■ Data provided

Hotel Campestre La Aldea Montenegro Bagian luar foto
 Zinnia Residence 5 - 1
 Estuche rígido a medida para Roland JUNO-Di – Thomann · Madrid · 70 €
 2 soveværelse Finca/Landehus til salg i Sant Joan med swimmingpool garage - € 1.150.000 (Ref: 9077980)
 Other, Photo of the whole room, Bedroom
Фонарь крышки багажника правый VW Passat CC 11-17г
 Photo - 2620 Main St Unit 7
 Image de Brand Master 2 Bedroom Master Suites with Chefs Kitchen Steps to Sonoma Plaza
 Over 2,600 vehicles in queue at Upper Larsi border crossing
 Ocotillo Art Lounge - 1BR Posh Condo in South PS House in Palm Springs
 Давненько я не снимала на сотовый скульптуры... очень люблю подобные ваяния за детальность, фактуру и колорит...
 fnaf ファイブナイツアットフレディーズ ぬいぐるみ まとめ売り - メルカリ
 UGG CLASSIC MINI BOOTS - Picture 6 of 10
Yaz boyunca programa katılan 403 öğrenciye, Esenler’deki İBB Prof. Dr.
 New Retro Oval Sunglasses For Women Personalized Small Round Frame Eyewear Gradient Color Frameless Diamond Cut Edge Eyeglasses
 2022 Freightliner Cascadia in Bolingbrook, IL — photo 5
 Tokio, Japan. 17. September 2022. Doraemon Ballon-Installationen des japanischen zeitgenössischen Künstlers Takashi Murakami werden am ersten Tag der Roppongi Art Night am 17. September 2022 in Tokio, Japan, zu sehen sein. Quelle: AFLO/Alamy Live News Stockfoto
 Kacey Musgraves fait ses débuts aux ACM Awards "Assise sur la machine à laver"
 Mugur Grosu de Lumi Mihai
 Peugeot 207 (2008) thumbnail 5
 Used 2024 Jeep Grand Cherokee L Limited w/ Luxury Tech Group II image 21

■ Task objective
Transcribe the data in full, matching every line exactly.

■ Task response
Hotel Campestre La Aldea Montenegro Bagian luar foto
 Zinnia Residence 5 - 1
 Estuche rígido a medida para Roland JUNO-Di – Thomann · Madrid · 70 €
 2 soveværelse Finca/Landehus til salg i Sant Joan med swimmingpool garage - € 1.150.000 (Ref: 9077980)
 Other, Photo of the whole room, Bedroom
Фонарь крышки багажника правый VW Passat CC 11-17г
 Photo - 2620 Main St Unit 7
 Image de Brand Master 2 Bedroom Master Suites with Chefs Kitchen Steps to Sonoma Plaza
 Over 2,600 vehicles in queue at Upper Larsi border crossing
 Ocotillo Art Lounge - 1BR Posh Condo in South PS House in Palm Springs
 Давненько я не снимала на сотовый скульптуры... очень люблю подобные ваяния за детальность, фактуру и колорит...
 fnaf ファイブナイツアットフレディーズ ぬいぐるみ まとめ売り - メルカリ
 UGG CLASSIC MINI BOOTS - Picture 6 of 10
Yaz boyunca programa katılan 403 öğrenciye, Esenler’deki İBB Prof. Dr.
 New Retro Oval Sunglasses For Women Personalized Small Round Frame Eyewear Gradient Color Frameless Diamond Cut Edge Eyeglasses
 2022 Freightliner Cascadia in Bolingbrook, IL — photo 5
 Tokio, Japan. 17. September 2022. Doraemon Ballon-Installationen des japanischen zeitgenössischen Künstlers Takashi Murakami werden am ersten Tag der Roppongi Art Night am 17. September 2022 in Tokio, Japan, zu sehen sein. Quelle: AFLO/Alamy Live News Stockfoto
 Kacey Musgraves fait ses débuts aux ACM Awards "Assise sur la machine à laver"
 Mugur Grosu de Lumi Mihai
 Peugeot 207 (2008) thumbnail 5
 Used 2024 Jeep Grand Cherokee L Limited w/ Luxury Tech Group II image 21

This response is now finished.